A scam can take the form of anything from a business that is not what it claims to be, to a misleading statement or an overpriced product. It usually involves deception in which someone tries to trick you into parting with your money. It could be a person or an organization trying to profit from your gullibility, or just someone breaking the law by committing fraud or theft. Read this guide on how to avoid scams and protect yourself from picking up the wrong investment.
What is a scam?
There are many types of scams out there. They come in all forms and sizes, all different flavors, and all have the same goal: to trick you into parting with your money.
Here are some examples:
Scam #1: A business that says it’s a good investment but isn’t what it says. This scam can be a pyramid scheme or a Ponzi scheme where members get paid back larger sums of money each month than they put in. The idea is that if the members make enough money, they’ll be able to buy out those who started with them (like a pyramid). Once this happens, everyone gets paid back much more than they put in.
Scam #2: A business that’s not actually for sale but offers you a way to become part of it—in exchange for your hard-earned money or credit card information. You’re then asked to invest more of your own cash to be part of the company—failing over and over again as you try to do exactly what it says on the tin.
Scam #3: A business that asks you for personal information such as your name, address, phone number, and credit card details so it can sell you something similar or better elsewhere
How do you avoid a scam?
Recognize that scams can take the form of a business opportunity. No matter what you buy or do, it’s important to be completely aware of what you are doing.
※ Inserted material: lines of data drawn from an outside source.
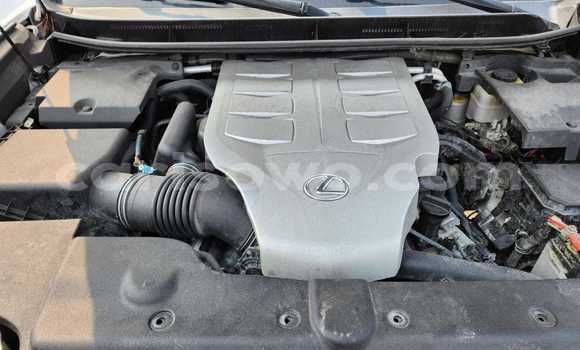 Ra Àlòkù Lexus GX funfun Ọkọ̀ in Cotonou ni Benin Ra Àlòkù Lexus GX funfun Ọkọ̀ in Cotonou ni Benin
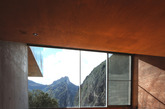 墨西哥P+0建筑师事务所完成了在墨西哥北部山区的Narigua house。为了避免茂密区域的丛林，家的概念变成了围绕整个生态系统而起，三个盒子般的板块重叠而成，不同方位不同形状彼此交叉，形成悬臂，和随后的梯田垂直。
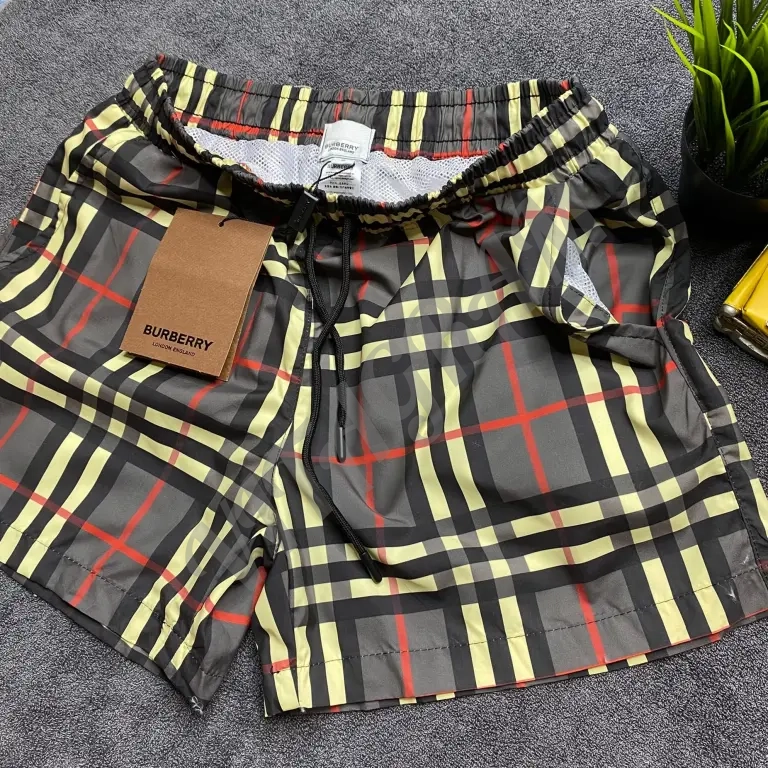 Philip Plein, Louis Vuitton, Dolce & Gabbana, Burberry, Versace, Palm Angels, Dior, Prada.Шорты повседневные и пляжные мировых известных брендов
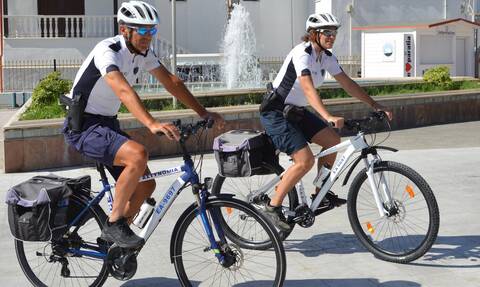Κατερίνη: Αστυνομικοί με ποδήλατα θα περιπολούν το καλοκαίρι την παραλιακή ζώνη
If you think something is too good to be true, don’t risk your money by investing.
If someone asks you to invest in his or her business and they claim they have the know-how or resources that will benefit your business, ask yourself how credible their claims are. Read this guide on how to keep track of potential scams in your area.
There are also scams that target people on social media — beware if you see anything suspicious. This is especially true when there is a large number of users sharing the same information or using similar hashtags.
You also need to be wary of companies trying to entice you with very expensive products and services without any real evidence behind them: There are scammers who make big promises only to disappear once you’ve paid them for their product or service. Your financial security should always come first and it’s important not to put too much faith into the promises made by unsolicited sales calls and emails from unknown sources.
How to protect yourself from scams
Scams can be hard to avoid. While some people seem to be predisposed toward falling for scams, others can become easily fooled by deceptive marketing or misleading information. In fact, one in four consumers is victimized by a scam each year and that number climbs as the cost of goods increases — meaning that even if you will never have to pay a penny to feed your family, you are still at risk of being scammed.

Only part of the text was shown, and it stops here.